- **YOUR GOAL**:
Of the lines below, write out exactly those from the line with "Liverpool đánh rơi chiến thắng" through the line with "网友吐槽：<wbr>飞机是公", both included, and skip the rest.

─── EXERCISE INPUTS

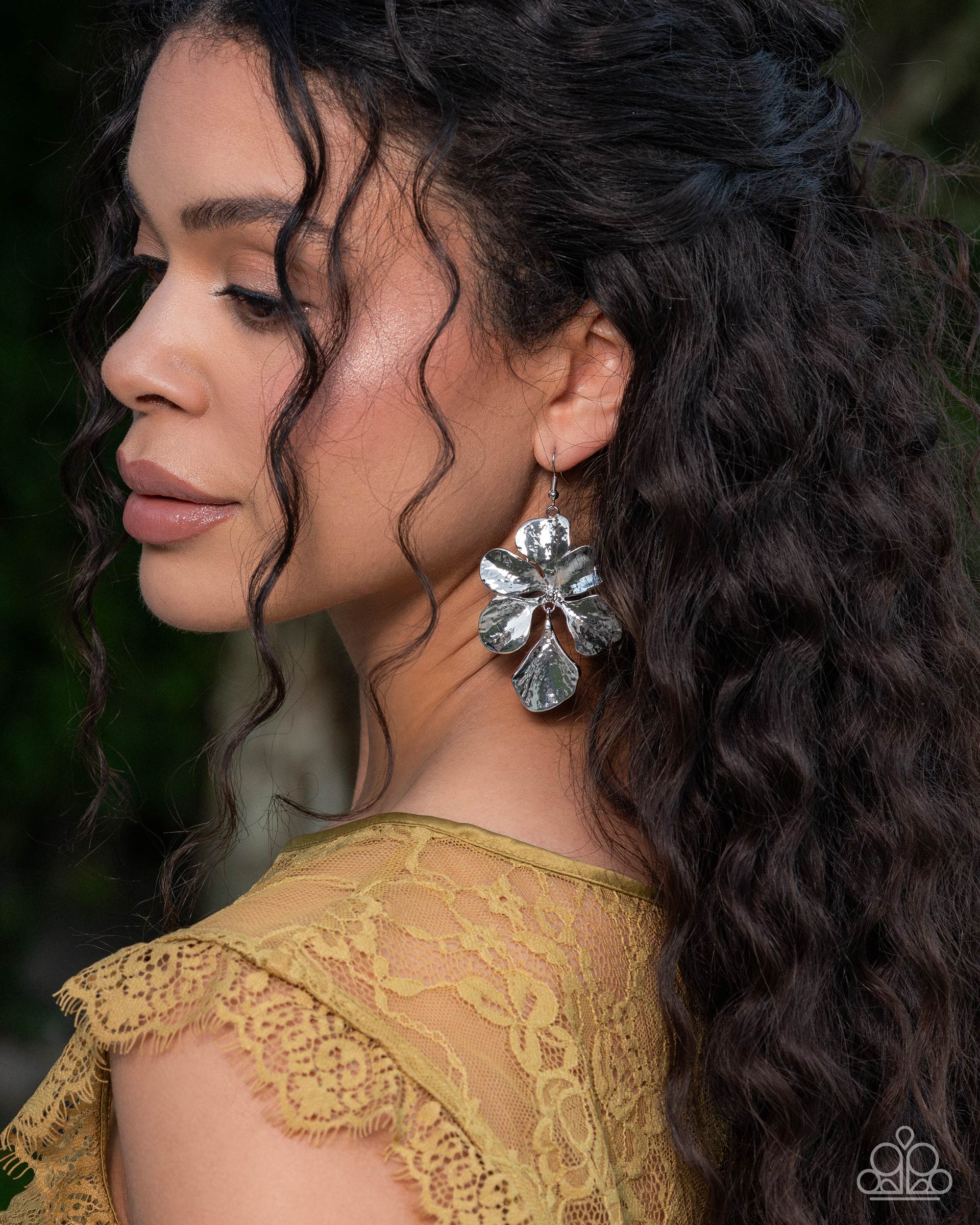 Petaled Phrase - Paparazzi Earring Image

──────
─── EXERCISE INPUTS

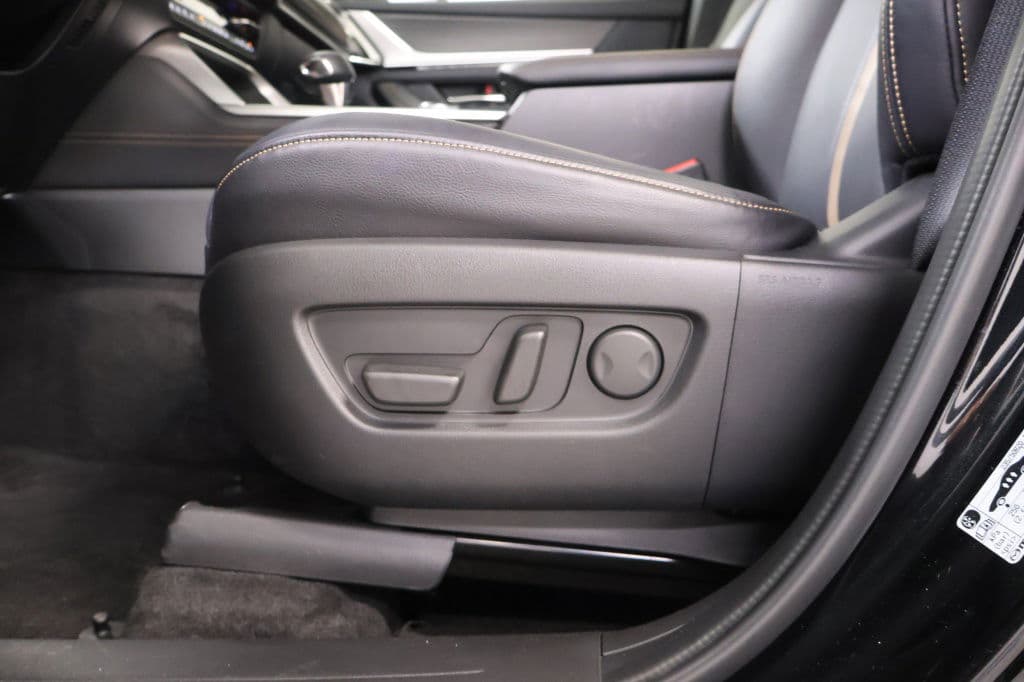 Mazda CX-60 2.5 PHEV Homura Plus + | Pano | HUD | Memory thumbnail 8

──────
─── EXERCISE INPUTS

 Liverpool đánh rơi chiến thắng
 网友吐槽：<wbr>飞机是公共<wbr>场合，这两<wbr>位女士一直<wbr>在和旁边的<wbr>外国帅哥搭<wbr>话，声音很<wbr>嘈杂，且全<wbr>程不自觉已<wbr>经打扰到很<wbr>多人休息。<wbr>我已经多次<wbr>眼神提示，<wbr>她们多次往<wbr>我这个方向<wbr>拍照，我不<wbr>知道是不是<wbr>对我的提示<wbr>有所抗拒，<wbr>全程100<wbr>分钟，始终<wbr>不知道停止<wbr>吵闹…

──────

- **ANSWER TO THIS PROBLEM**:
 Liverpool đánh rơi chiến thắng
 网友吐槽：<wbr>飞机是公共<wbr>场合，这两<wbr>位女士一直<wbr>在和旁边的<wbr>外国帅哥搭<wbr>话，声音很<wbr>嘈杂，且全<wbr>程不自觉已<wbr>经打扰到很<wbr>多人休息。<wbr>我已经多次<wbr>眼神提示，<wbr>她们多次往<wbr>我这个方向<wbr>拍照，我不<wbr>知道是不是<wbr>对我的提示<wbr>有所抗拒，<wbr>全程100<wbr>分钟，始终<wbr>不知道停止<wbr>吵闹…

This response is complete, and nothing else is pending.